## Activity
Retype each line below without a single alteration.
*-*-*
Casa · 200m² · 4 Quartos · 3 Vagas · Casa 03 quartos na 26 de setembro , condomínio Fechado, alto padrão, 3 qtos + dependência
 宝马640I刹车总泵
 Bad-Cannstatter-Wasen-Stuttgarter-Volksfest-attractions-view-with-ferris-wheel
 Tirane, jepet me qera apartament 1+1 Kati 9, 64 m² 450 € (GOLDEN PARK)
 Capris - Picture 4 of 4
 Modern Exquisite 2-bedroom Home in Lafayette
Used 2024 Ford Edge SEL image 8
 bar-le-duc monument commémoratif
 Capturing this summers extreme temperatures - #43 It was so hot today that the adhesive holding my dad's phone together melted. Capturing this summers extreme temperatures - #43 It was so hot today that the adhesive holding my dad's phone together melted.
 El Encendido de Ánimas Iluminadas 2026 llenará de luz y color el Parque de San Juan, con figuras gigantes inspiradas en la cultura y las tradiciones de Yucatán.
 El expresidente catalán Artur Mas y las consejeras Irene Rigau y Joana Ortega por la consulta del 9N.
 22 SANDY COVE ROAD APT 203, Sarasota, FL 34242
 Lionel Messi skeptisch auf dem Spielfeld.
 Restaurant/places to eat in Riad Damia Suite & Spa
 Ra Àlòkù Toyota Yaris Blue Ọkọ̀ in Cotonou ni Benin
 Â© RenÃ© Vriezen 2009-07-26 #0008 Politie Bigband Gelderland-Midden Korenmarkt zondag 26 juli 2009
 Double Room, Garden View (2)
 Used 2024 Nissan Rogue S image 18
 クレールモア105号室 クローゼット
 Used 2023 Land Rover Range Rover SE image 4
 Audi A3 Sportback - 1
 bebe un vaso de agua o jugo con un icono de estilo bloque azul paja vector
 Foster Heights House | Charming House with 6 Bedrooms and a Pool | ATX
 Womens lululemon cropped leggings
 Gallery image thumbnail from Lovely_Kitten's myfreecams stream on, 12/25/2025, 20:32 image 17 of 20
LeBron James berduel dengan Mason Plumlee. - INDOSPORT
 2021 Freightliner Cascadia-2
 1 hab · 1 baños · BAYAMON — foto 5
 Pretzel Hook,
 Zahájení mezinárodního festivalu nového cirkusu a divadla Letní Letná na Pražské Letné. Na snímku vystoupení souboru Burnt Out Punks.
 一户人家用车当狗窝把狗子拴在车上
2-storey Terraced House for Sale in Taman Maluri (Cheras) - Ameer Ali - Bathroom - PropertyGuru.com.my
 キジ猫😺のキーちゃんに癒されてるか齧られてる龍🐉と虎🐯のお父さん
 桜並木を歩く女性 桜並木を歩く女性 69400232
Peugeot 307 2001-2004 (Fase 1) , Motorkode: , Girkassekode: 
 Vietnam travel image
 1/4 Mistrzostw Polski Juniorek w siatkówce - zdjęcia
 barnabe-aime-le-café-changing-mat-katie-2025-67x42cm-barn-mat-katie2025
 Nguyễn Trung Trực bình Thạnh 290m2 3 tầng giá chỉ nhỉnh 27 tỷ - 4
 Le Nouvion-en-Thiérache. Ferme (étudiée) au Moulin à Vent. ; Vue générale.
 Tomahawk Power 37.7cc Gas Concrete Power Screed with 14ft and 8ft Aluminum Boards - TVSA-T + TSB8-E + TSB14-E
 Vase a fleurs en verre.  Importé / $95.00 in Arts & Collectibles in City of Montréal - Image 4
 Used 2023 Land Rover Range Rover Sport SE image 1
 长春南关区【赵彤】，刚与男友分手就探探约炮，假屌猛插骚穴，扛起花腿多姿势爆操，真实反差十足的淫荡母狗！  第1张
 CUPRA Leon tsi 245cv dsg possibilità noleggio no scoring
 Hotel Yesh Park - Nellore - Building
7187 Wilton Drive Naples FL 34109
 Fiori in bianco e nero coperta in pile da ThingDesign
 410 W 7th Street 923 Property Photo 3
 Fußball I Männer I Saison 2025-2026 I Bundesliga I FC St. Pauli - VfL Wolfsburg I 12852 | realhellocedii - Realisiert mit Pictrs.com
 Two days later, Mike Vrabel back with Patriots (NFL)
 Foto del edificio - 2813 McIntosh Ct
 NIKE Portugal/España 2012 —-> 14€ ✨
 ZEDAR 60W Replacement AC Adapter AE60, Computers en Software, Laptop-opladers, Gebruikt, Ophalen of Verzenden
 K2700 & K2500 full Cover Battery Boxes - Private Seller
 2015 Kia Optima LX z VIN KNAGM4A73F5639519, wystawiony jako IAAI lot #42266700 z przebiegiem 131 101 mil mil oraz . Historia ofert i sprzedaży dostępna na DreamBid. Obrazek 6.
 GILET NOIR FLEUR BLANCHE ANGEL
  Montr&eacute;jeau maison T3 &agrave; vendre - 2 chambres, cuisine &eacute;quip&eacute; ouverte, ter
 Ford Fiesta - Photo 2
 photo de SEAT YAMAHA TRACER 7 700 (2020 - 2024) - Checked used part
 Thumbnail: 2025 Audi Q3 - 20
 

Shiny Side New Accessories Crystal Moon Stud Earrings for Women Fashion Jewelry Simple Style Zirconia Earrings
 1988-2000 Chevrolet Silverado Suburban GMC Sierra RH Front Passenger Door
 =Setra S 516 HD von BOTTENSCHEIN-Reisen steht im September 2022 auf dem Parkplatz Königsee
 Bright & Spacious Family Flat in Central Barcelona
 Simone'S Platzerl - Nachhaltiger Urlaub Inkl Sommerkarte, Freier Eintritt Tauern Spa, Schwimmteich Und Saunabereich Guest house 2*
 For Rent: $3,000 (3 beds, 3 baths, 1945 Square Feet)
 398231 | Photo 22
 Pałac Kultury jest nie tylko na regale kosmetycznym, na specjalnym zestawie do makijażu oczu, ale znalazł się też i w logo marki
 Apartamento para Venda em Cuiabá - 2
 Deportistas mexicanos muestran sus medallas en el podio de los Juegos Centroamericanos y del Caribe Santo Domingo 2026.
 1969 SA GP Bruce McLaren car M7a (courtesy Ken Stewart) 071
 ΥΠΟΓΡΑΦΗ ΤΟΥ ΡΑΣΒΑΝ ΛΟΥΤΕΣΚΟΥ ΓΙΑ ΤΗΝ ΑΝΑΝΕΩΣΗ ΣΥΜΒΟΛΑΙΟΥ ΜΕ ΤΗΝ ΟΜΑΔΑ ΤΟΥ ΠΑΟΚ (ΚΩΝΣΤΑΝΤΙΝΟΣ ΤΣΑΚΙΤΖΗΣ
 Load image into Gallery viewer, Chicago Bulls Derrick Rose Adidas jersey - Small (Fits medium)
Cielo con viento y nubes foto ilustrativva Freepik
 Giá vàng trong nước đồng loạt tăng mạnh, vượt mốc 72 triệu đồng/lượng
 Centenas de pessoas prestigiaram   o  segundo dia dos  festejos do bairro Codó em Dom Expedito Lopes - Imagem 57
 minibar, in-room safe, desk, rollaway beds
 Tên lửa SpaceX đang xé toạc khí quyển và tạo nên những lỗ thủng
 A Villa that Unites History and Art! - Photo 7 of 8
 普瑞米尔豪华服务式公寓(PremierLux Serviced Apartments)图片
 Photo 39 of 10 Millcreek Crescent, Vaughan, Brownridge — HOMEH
*-*-*
## Answer section
Casa · 200m² · 4 Quartos · 3 Vagas · Casa 03 quartos na 26 de setembro , condomínio Fechado, alto padrão, 3 qtos + dependência
 宝马640I刹车总泵
 Bad-Cannstatter-Wasen-Stuttgarter-Volksfest-attractions-view-with-ferris-wheel
 Tirane, jepet me qera apartament 1+1 Kati 9, 64 m² 450 € (GOLDEN PARK)
 Capris - Picture 4 of 4
 Modern Exquisite 2-bedroom Home in Lafayette
Used 2024 Ford Edge SEL image 8
 bar-le-duc monument commémoratif
 Capturing this summers extreme temperatures - #43 It was so hot today that the adhesive holding my dad's phone together melted. Capturing this summers extreme temperatures - #43 It was so hot today that the adhesive holding my dad's phone together melted.
 El Encendido de Ánimas Iluminadas 2026 llenará de luz y color el Parque de San Juan, con figuras gigantes inspiradas en la cultura y las tradiciones de Yucatán.
 El expresidente catalán Artur Mas y las consejeras Irene Rigau y Joana Ortega por la consulta del 9N.
 22 SANDY COVE ROAD APT 203, Sarasota, FL 34242
 Lionel Messi skeptisch auf dem Spielfeld.
 Restaurant/places to eat in Riad Damia Suite & Spa
 Ra Àlòkù Toyota Yaris Blue Ọkọ̀ in Cotonou ni Benin
 Â© RenÃ© Vriezen 2009-07-26 #0008 Politie Bigband Gelderland-Midden Korenmarkt zondag 26 juli 2009
 Double Room, Garden View (2)
 Used 2024 Nissan Rogue S image 18
 クレールモア105号室 クローゼット
 Used 2023 Land Rover Range Rover SE image 4
 Audi A3 Sportback - 1
 bebe un vaso de agua o jugo con un icono de estilo bloque azul paja vector
 Foster Heights House | Charming House with 6 Bedrooms and a Pool | ATX
 Womens lululemon cropped leggings
 Gallery image thumbnail from Lovely_Kitten's myfreecams stream on, 12/25/2025, 20:32 image 17 of 20
LeBron James berduel dengan Mason Plumlee. - INDOSPORT
 2021 Freightliner Cascadia-2
 1 hab · 1 baños · BAYAMON — foto 5
 Pretzel Hook,
 Zahájení mezinárodního festivalu nového cirkusu a divadla Letní Letná na Pražské Letné. Na snímku vystoupení souboru Burnt Out Punks.
 一户人家用车当狗窝把狗子拴在车上
2-storey Terraced House for Sale in Taman Maluri (Cheras) - Ameer Ali - Bathroom - PropertyGuru.com.my
 キジ猫😺のキーちゃんに癒されてるか齧られてる龍🐉と虎🐯のお父さん
 桜並木を歩く女性 桜並木を歩く女性 69400232
Peugeot 307 2001-2004 (Fase 1) , Motorkode: , Girkassekode: 
 Vietnam travel image
 1/4 Mistrzostw Polski Juniorek w siatkówce - zdjęcia
 barnabe-aime-le-café-changing-mat-katie-2025-67x42cm-barn-mat-katie2025
 Nguyễn Trung Trực bình Thạnh 290m2 3 tầng giá chỉ nhỉnh 27 tỷ - 4
 Le Nouvion-en-Thiérache. Ferme (étudiée) au Moulin à Vent. ; Vue générale.
 Tomahawk Power 37.7cc Gas Concrete Power Screed with 14ft and 8ft Aluminum Boards - TVSA-T + TSB8-E + TSB14-E
 Vase a fleurs en verre.  Importé / $95.00 in Arts & Collectibles in City of Montréal - Image 4
 Used 2023 Land Rover Range Rover Sport SE image 1
 长春南关区【赵彤】，刚与男友分手就探探约炮，假屌猛插骚穴，扛起花腿多姿势爆操，真实反差十足的淫荡母狗！  第1张
 CUPRA Leon tsi 245cv dsg possibilità noleggio no scoring
 Hotel Yesh Park - Nellore - Building
7187 Wilton Drive Naples FL 34109
 Fiori in bianco e nero coperta in pile da ThingDesign
 410 W 7th Street 923 Property Photo 3
 Fußball I Männer I Saison 2025-2026 I Bundesliga I FC St. Pauli - VfL Wolfsburg I 12852 | realhellocedii - Realisiert mit Pictrs.com
 Two days later, Mike Vrabel back with Patriots (NFL)
 Foto del edificio - 2813 McIntosh Ct
 NIKE Portugal/España 2012 —-> 14€ ✨
 ZEDAR 60W Replacement AC Adapter AE60, Computers en Software, Laptop-opladers, Gebruikt, Ophalen of Verzenden
 K2700 & K2500 full Cover Battery Boxes - Private Seller
 2015 Kia Optima LX z VIN KNAGM4A73F5639519, wystawiony jako IAAI lot #42266700 z przebiegiem 131 101 mil mil oraz . Historia ofert i sprzedaży dostępna na DreamBid. Obrazek 6.
 GILET NOIR FLEUR BLANCHE ANGEL
  Montr&eacute;jeau maison T3 &agrave; vendre - 2 chambres, cuisine &eacute;quip&eacute; ouverte, ter
 Ford Fiesta - Photo 2
 photo de SEAT YAMAHA TRACER 7 700 (2020 - 2024) - Checked used part
 Thumbnail: 2025 Audi Q3 - 20
 

Shiny Side New Accessories Crystal Moon Stud Earrings for Women Fashion Jewelry Simple Style Zirconia Earrings
 1988-2000 Chevrolet Silverado Suburban GMC Sierra RH Front Passenger Door
 =Setra S 516 HD von BOTTENSCHEIN-Reisen steht im September 2022 auf dem Parkplatz Königsee
 Bright & Spacious Family Flat in Central Barcelona
 Simone'S Platzerl - Nachhaltiger Urlaub Inkl Sommerkarte, Freier Eintritt Tauern Spa, Schwimmteich Und Saunabereich Guest house 2*
 For Rent: $3,000 (3 beds, 3 baths, 1945 Square Feet)
 398231 | Photo 22
 Pałac Kultury jest nie tylko na regale kosmetycznym, na specjalnym zestawie do makijażu oczu, ale znalazł się też i w logo marki
 Apartamento para Venda em Cuiabá - 2
 Deportistas mexicanos muestran sus medallas en el podio de los Juegos Centroamericanos y del Caribe Santo Domingo 2026.
 1969 SA GP Bruce McLaren car M7a (courtesy Ken Stewart) 071
 ΥΠΟΓΡΑΦΗ ΤΟΥ ΡΑΣΒΑΝ ΛΟΥΤΕΣΚΟΥ ΓΙΑ ΤΗΝ ΑΝΑΝΕΩΣΗ ΣΥΜΒΟΛΑΙΟΥ ΜΕ ΤΗΝ ΟΜΑΔΑ ΤΟΥ ΠΑΟΚ (ΚΩΝΣΤΑΝΤΙΝΟΣ ΤΣΑΚΙΤΖΗΣ
 Load image into Gallery viewer, Chicago Bulls Derrick Rose Adidas jersey - Small (Fits medium)
Cielo con viento y nubes foto ilustrativva Freepik
 Giá vàng trong nước đồng loạt tăng mạnh, vượt mốc 72 triệu đồng/lượng
 Centenas de pessoas prestigiaram   o  segundo dia dos  festejos do bairro Codó em Dom Expedito Lopes - Imagem 57
 minibar, in-room safe, desk, rollaway beds
 Tên lửa SpaceX đang xé toạc khí quyển và tạo nên những lỗ thủng
 A Villa that Unites History and Art! - Photo 7 of 8
 普瑞米尔豪华服务式公寓(PremierLux Serviced Apartments)图片
 Photo 39 of 10 Millcreek Crescent, Vaughan, Brownridge — HOMEH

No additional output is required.